When joining forces, two or more workers' individual rates can be added together. This is because each person's effort contributes to the completion of the whole task.
For you and your friend, your combined work rates add up to \( \frac{1}{15} + \frac{1}{18} \). By finding a common denominator and performing the arithmetic, you get \( \frac{11}{90} \). This result tells us, together, you paint \( \frac{11}{90} \) of the house in one hour.

• Notice how combining work rates is similar to combining speeds in a relay race; everyone is working toward finishing together.
• The sum of work rates should always reflect all contributions, making sure no work effort is missed out!

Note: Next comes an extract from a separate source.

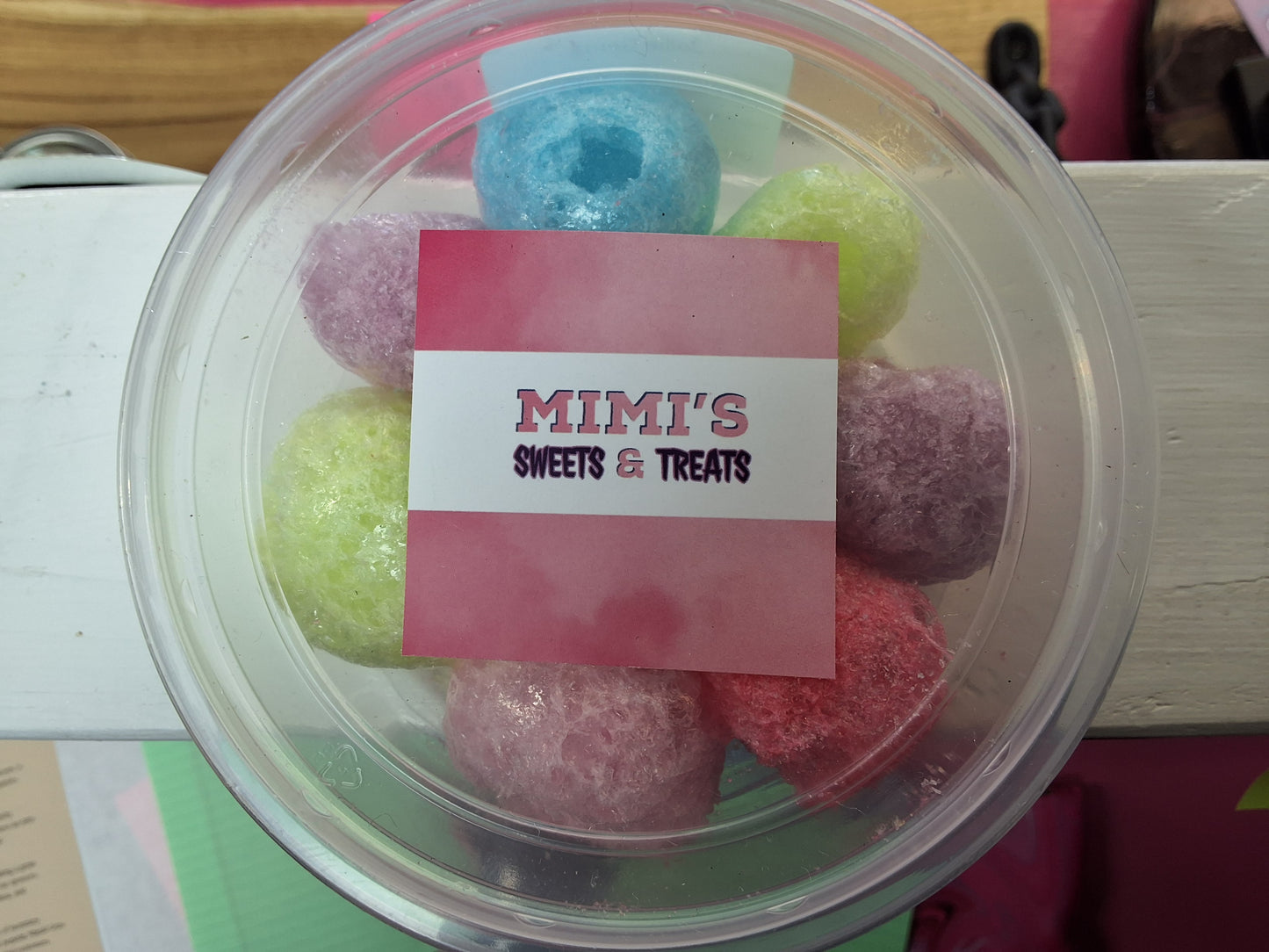 Jolly Gems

Solving work problems often involves breaking them into parts using algebra. With rates expressed as fractions, algebra helps us solve for unknowns, like the time it takes for a combined effort.
To find how long it takes when working together, you apply a simple formula. Divide the total work (1 full house) by the combined rate. This can be set up as \( \frac{1}{\text{combined rate}} = \text{total hours} \).
Substituting the combined rate, we get \( \frac{1}{\left( \frac{11}{90} \right)} \), which simplifies to \( \frac{90}{11} \approx 8.18 \). This computation gives the exact time needed for both of you to finish the task.

• When solving such equations, maintaining consistency—like converting fractions without error—is crucial.
• This process showcases how algebra can systematically tackle real-life situations by breaking them down methodically.